◆ WORK INSTRUCTIONS:
Each line below from the one containing "Detaillierte Nahaufnahme eines" through the one containing "WOMENS 2 XL BLUE JEANS" is to be given again exactly, and no line outside that span.

◆ DATA TO PROCESS:
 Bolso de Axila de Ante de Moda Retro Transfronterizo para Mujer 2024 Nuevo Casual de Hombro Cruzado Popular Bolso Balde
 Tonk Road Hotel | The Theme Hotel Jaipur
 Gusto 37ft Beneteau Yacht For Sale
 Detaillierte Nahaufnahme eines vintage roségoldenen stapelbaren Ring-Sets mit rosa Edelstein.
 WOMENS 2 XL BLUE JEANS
--
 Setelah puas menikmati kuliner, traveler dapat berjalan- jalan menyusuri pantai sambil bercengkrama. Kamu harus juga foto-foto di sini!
--
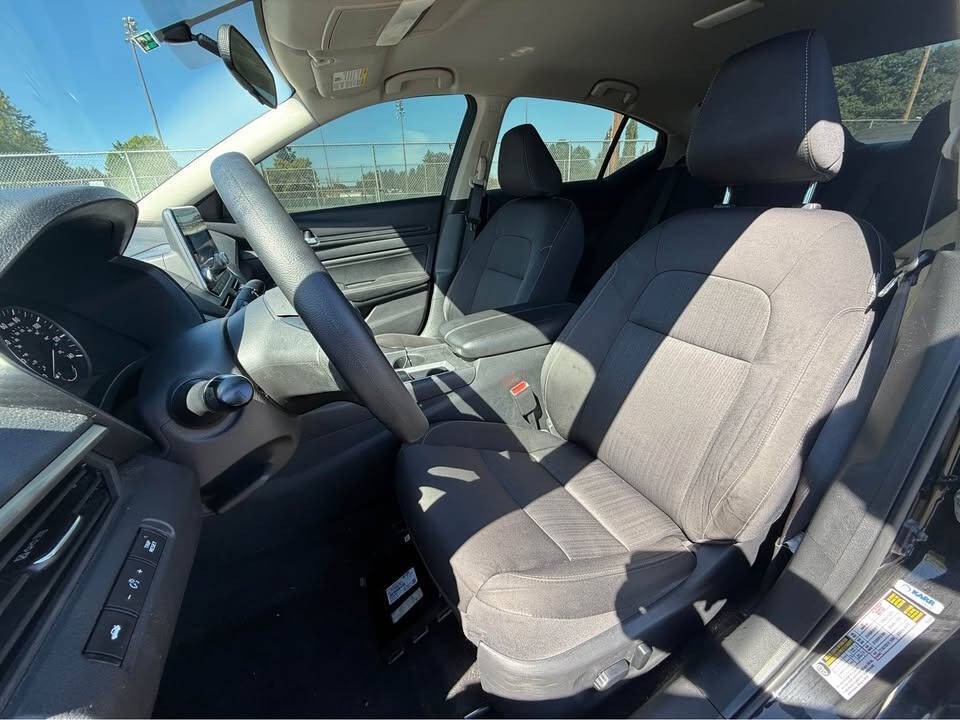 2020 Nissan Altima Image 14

◆ REPLY TO THE EXERCISE:
 Detaillierte Nahaufnahme eines vintage roségoldenen stapelbaren Ring-Sets mit rosa Edelstein.
 WOMENS 2 XL BLUE JEANS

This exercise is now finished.